4. Project Life App. If you're familiar with the Project Life way of scrapbooking (which, in paper form, combines 1 and 2 above, or, in the digital realm, falls into number 3), it's meant to make your storytelling simple. Becky Higgins, creator of the Project Life system, has created an app for Apple devices. THIS IS SCRAPBOOKING FROM YOUR PHONE, PEOPLE! It's really easy to use. You could print the pages as you go, or save them all for the end of the year and have them printed into a photobook. Think of this as an easier version of number 3. 

5. Photobooks. I know I mentioned photo books in 3 and 4 above, but that's in the context of using another program first, and then printing those pages I create as a single-image page in a photobook from a source like Blurb or Shutterfly. As a standalone, though, each of the photobook services have their own easy-to-use templates and software that you can just drag photos into.
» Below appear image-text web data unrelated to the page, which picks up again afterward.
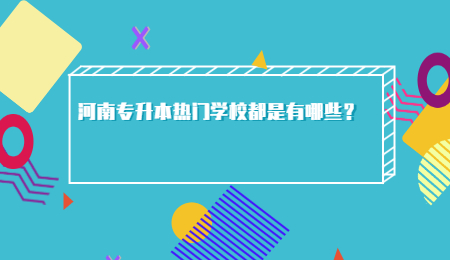 河南专升本热门学校都是有哪些?.jpg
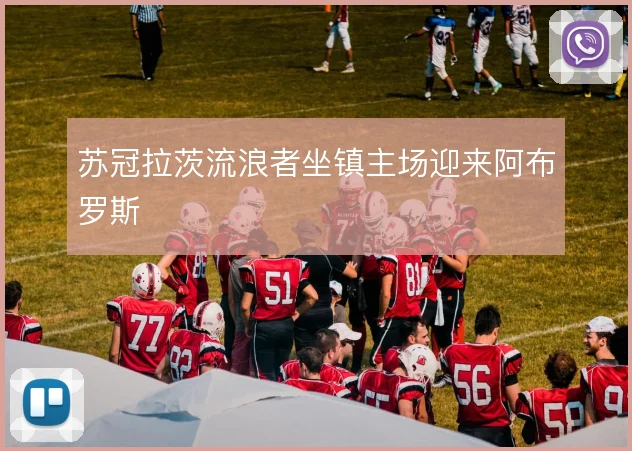 苏冠拉茨流浪者坐镇主场迎来阿布罗斯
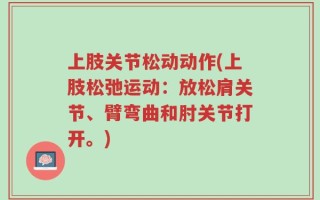 上肢关节松动动作(上肢松弛运动：放松肩关节、臂弯曲和肘关节打开。)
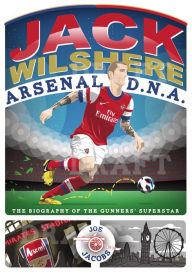 Title: Jack Wilshere: The Biography of the Gunners' Superstar, Author: Joe Jacobs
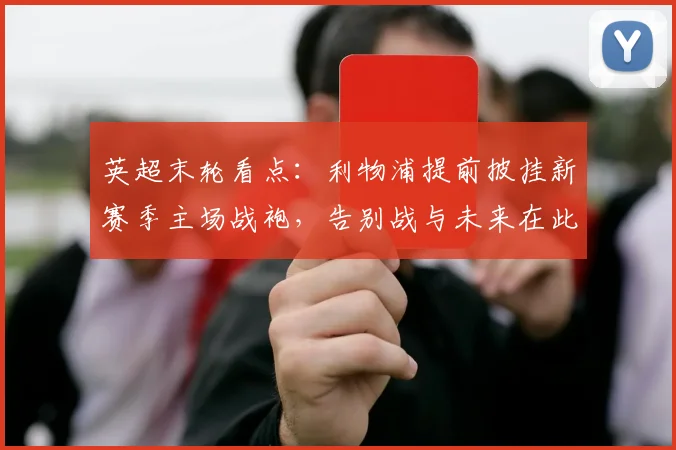 英超末轮看点：利物浦提前披挂新赛季主场战袍，告别战与未来在此刻交汇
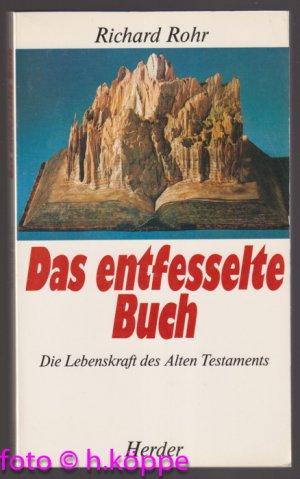 gebrauchtes Buch – Richard Rohr – Das entfesselte Buch : die Lebenskraft des Alten Testaments.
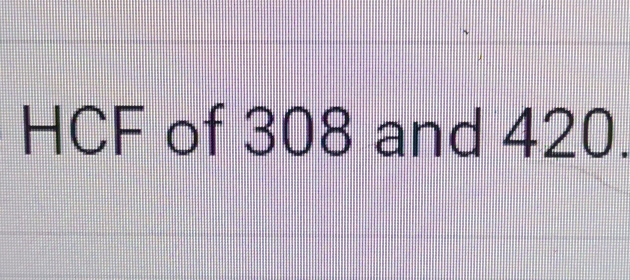 HCF of 308 and 420.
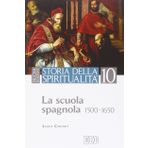 Storia della spiritualità. La scuola spagnola (1500-1650) (Vol. 10)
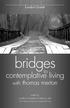 bridges contemplative living with thomas merton Leader s Guide jonathan montaldo & robert g. toth edited by
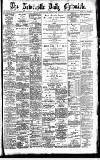 Newcastle Daily Chronicle Friday 06 May 1898 Page 1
Add a bit of text and have the book printed! (This is what I did with our wedding book, and our recent travel book.) 

Each of 3, 4 and 5 meet my backup criteria - there's always a digital version of the complete book or each page that can easily be reprinted. 

I suspect I'll probably use the Project Life App for my 2015 photos, since I can do it on the go and my current photos are already on my phone or in Dropbox. For previous years, I'm leaning towards using the photobook software from whichever printer I choose to use. While I'd like to spend more time on design, I think the drag-and-drop method is what is going to get these books completed. Done is better than perfect! 

Are you hoarding pictures on your computer? What's your solution for getting them onto paper?